Description. One area in which Hume does recall Gaboriau is in his lyrical descriptions. The scenes at night wandering around Melbourne are especially beautiful.

Hagar of the Pawn-shop, The Gypsy Detective

Hagar is a young woman who inherits a pawn-shop in London, getting her involved in mysteries and crime situations. Each short story in Hagar of the Pawn-shop, The Gypsy Detective (collected 1898) centers on a client and some object they have left at the pawn-shop.

Hagar is unusual in fiction in being a sympathetic Gypsy heroine.

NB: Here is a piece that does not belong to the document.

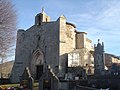 Église Notre-Dame d'Espinasse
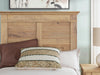 Makidern Bed - BWO Furniture & Mattresses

"The Casket" is as much as romantic drama, as it is a crime tale. Late in the story comes an encounter which Somerset Maugham might have remembered when he wrote "The Letter" (1924). In both short stories, a wealthy adulterous woman is humiliated for her misdeeds by a much lower status but respectable woman. SPOILER. "The Casket" has a final plot twist, that draws on Hume's abilities to create ambiguous relationships.

The Ghost's Touch

Hume's late story, "The Ghost's Touch", shows his involvement in the supernatural detective movement of the era.